Process-to-process copy in Linux
More exciting news on the Linux kernel front (thanks for the heads-up, Brice!): our friends at Big Blue have contributed a patch and started good conversation on the LKML mailing list about process-to-process copying. We still don’t have a good solution for being notified when registered memory is freed (my last post on this topic mentioned that the ummunotify patch had hit the -mm tree, but that eventually didn’t make it up to Linus’ tree), but hey — this is progress, too (albeit in a slightly different direction), so I’ll take it!
“Why do I care?” you say.
I’m glad you asked. Let me explain…
Most MPI implementations use some flavor of shared memory to delivery messages between two processes on the same node. That is, the source process copies the message into a shared memory block (that was previously setup, perhaps during MPI_INIT) and the destination process copies the message out of the shared memory block.
Most schemes like this are pipeline the source and destination process copies so that the receiver doesn’t have to wait for the entire message to arrive in shared memory before it can be copied out. The performance is actually fairly reasonable.

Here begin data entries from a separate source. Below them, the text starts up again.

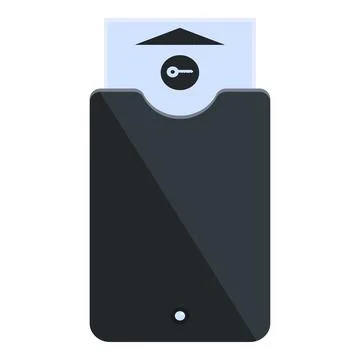 Electronic key card showing lock symbol for hotel room door security Illustrazione stock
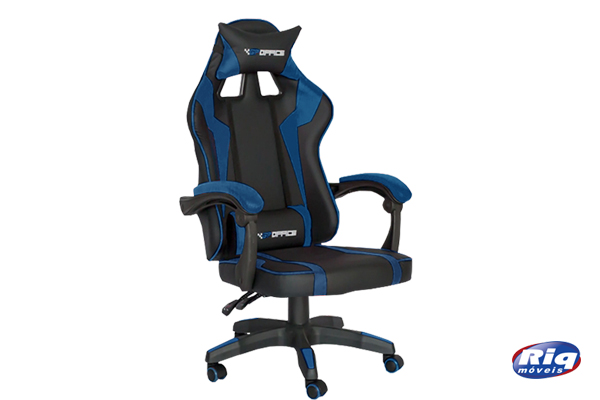 Cadeira Gamer Hud com braços e apoio de cabeça azul HUDFR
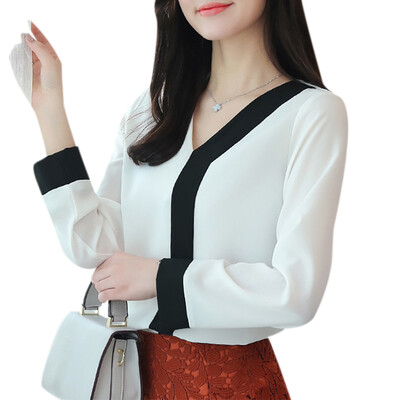 Spring Fashion Women Chiffon Shirt V-Collar Long Sleeve Female Top Contrast Color Office Lady Blouse
Spring Fashion Women Chiffon Shirt V-Collar Long Sleeve Female Top Contrast Color Office Lady Blouse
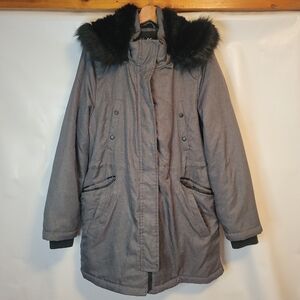 LIVIK (Addition Elle) Grey Insulated Parka With Faux Fur Trimmed Hood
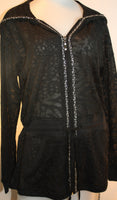 M8709 Burn-Out Long String Hoodie Jacket
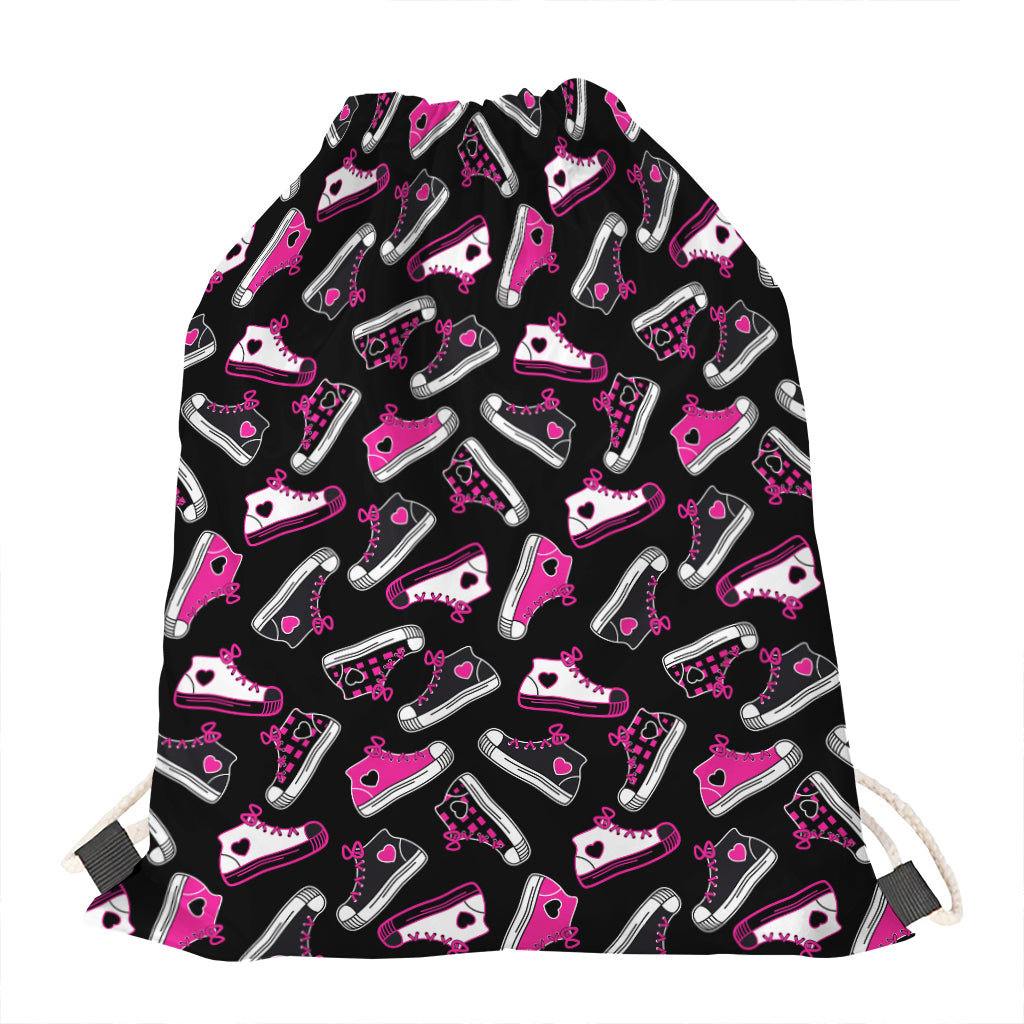 Emo Shoes Pattern Print Drawstring Bag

That being said, a direct process-to-process copy has two benefits:
- The performance can be greater (see Chris Yeoh’s post to the LKML, linked at the beginning of this entry)
- The fact that only 1 memcpy is occurring means less traffic on the internal networks/buses, which is significantly friendlier to other processes running on the same system (vs. doing 2 copies)
I’ll be following this thread; I hope to see Chris’ work make it into the main line kernel!